Между тем мой отец, как казалось, заинтересовался моим мнением о книге. Однажды представилась редкая возможность выбраться с ним на ланч в маленькую закусочную неподалеку от университета (как бы я ни обожала своего отца, мне не хотелось, чтобы меня видели с ним в столовой нашего кампуса). Я рассказала отцу, что мне очень понравилась книга, что я считаю Эмму Бовари «настоящей жертвой общества».
— В каком смысле? — спросил он.
— Ну, в том смысле, что она позволила заточить себя в ту жизнь, которая ей была не мила, а потом решила, что, влюбившись в кого-то, сможет решить свои проблемы.
Он улыбнулся:
— Молодец. Ты попала в точку.
— Но вот только одного я не пойму: почему она выбрала самоубийство как выход из положения; почему не сбежала в Париж или еще куда-нибудь?
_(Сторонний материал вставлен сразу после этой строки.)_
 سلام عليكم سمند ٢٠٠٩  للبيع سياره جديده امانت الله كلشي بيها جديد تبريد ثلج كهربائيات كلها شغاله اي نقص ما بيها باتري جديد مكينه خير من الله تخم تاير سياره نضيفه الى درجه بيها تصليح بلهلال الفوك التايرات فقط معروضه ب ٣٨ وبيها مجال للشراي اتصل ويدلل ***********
— Дело в том, что ты видишь Эмму глазами американской женщины конца шестидесятых, а не того, кто был скован условностями того времени. Ты ведь читала «Алую букву»?
Я кивнула.
— Сегодня мы можем лишь удивляться, почему вдруг Тестер Прин бродила по Бостону с большой буквой «А» на груди и жила в постоянном страхе перед угрозами пуритан отобрать у нее ребенка. Можно спросить: почему бы ей просто не схватить свою дочь и не сбежать? Но для нее неизменно встал бы вопрос: а куда мне бежать? Она не видела пути спасения от наказания, которое, собственно, и считала своей судьбой. То же самое и с Эммой. Она знает, что если сбежит в Париж, то для нее все кончится тем, что, в лучшем случае, она устроится швеей или на какую-то другую мелкобуржуазную работу, потому что в девятнадцатом веке общество было безжалостно к замужней женщине, пренебрегшей своими обязанностями.
— Твоя лекция еще надолго? — смеясь, спросила я. — А то мне в два часа надо быть в классе.
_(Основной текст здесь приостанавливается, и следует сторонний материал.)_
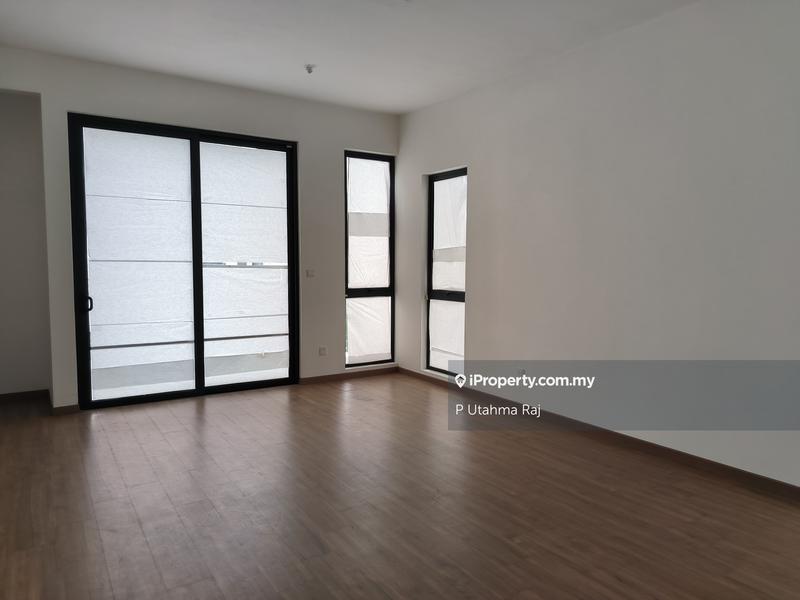 3-storey Terraced House for Sale in Telok Panglima Garang, Selangor by P Utahma Raj - iProperty.com.my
— Я как раз подхожу к сути, — улыбнулся отец. — А суть в том, что личное счастье ничего не значило в те времена. Флобер был первым великим романистом, который понял, что все мы должны бороться с той тюрьмой, которую для себя создаем.
— Даже ты, пап? — спросила я, с удивлением услышав от него такое признание.
Он печально улыбнулся и уставился в свою тарелку.
— Каждому человеку время от времени становится тошно, — сказал он. И тут же переменил тему.
Уже не в первый раз отец невольно намекал на то, что в отношениях с моей матерью не все так гладко. Я знала, что они часто ссорятся. Моя мама была той еще бруклинской горлопанкой и заводилась с пол-оборота, если ее что-то раздражало. Отец — верный своим бостонским корням — ненавидел конфронтацию (если только речь не шла о митингах протеста и угрозе ареста). Так что, если мама бывала не в духе, он предпочитал не попадаться ей на глаза.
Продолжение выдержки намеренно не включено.